● PROVIDED DATA:
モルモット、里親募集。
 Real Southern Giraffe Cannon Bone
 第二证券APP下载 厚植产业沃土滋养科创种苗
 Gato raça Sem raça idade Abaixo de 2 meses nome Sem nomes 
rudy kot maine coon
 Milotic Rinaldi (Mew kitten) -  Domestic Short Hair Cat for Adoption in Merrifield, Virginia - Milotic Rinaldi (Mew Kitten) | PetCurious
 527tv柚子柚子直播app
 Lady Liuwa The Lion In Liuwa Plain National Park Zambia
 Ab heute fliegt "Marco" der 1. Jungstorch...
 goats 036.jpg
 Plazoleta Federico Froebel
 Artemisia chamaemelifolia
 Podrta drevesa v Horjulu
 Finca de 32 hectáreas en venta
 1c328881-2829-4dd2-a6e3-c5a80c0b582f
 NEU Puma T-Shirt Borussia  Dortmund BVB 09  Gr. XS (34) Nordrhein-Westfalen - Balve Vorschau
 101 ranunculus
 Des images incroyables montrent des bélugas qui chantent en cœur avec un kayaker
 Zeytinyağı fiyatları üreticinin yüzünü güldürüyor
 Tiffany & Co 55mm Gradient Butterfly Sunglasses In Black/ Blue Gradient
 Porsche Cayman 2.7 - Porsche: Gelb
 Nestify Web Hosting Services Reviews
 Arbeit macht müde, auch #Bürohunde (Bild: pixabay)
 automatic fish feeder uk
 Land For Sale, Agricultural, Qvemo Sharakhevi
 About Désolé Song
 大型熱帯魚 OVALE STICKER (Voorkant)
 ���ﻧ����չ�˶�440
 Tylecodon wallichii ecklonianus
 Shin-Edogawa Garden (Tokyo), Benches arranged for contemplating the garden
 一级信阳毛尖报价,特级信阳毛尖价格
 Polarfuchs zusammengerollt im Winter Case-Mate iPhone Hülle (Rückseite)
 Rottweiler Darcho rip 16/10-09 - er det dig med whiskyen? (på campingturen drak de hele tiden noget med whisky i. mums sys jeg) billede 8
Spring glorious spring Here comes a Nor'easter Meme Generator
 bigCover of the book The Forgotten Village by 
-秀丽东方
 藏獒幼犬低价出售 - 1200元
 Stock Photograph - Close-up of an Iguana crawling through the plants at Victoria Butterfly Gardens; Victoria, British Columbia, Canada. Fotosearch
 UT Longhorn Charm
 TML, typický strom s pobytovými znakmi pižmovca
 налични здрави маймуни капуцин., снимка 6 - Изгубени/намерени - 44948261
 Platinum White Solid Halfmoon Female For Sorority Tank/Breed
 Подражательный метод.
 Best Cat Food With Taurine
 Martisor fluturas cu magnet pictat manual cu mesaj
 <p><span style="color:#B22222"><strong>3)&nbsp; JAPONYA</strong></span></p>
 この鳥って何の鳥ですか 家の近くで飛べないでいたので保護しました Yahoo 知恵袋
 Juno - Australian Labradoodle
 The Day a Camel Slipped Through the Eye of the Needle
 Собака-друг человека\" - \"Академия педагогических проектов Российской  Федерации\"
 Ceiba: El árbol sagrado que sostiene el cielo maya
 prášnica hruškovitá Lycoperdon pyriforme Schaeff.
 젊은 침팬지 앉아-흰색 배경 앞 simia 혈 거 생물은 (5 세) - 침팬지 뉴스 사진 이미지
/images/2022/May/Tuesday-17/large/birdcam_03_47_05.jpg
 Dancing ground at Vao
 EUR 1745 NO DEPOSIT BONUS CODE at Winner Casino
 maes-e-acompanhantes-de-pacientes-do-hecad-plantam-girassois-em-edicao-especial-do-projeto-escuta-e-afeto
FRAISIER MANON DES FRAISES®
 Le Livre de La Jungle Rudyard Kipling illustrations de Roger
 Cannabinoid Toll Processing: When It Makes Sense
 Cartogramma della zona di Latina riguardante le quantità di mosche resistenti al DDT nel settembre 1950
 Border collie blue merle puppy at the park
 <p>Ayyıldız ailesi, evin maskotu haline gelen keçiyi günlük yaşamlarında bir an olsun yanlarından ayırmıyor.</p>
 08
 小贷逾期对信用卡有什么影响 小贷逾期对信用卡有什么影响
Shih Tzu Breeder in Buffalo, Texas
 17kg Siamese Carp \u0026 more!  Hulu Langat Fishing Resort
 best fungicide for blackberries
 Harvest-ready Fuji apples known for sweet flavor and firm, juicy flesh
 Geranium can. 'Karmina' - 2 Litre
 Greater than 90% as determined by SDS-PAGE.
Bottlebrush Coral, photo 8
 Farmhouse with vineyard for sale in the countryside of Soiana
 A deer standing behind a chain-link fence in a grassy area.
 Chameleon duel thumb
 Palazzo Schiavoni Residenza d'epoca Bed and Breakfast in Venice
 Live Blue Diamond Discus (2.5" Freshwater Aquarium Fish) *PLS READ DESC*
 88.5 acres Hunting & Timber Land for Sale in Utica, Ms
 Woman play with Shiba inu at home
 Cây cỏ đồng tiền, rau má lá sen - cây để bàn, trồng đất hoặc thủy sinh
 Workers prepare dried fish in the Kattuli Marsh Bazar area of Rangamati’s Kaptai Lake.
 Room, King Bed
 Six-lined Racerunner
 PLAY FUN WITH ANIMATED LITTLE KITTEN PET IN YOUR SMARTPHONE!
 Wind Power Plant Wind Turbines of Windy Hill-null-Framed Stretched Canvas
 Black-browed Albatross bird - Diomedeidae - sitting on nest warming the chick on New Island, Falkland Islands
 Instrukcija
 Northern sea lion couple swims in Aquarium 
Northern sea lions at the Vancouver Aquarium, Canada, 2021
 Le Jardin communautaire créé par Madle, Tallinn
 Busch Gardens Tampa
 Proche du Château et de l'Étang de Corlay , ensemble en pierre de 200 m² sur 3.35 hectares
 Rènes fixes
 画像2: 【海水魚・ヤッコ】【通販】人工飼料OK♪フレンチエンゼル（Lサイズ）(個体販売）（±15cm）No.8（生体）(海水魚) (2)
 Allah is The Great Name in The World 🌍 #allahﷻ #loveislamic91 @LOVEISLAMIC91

● TASK BRIEF: Note how many lines of the material hold the word "Northern", then state that number alone.

● SOLUTION TO THE EXERCISE: 2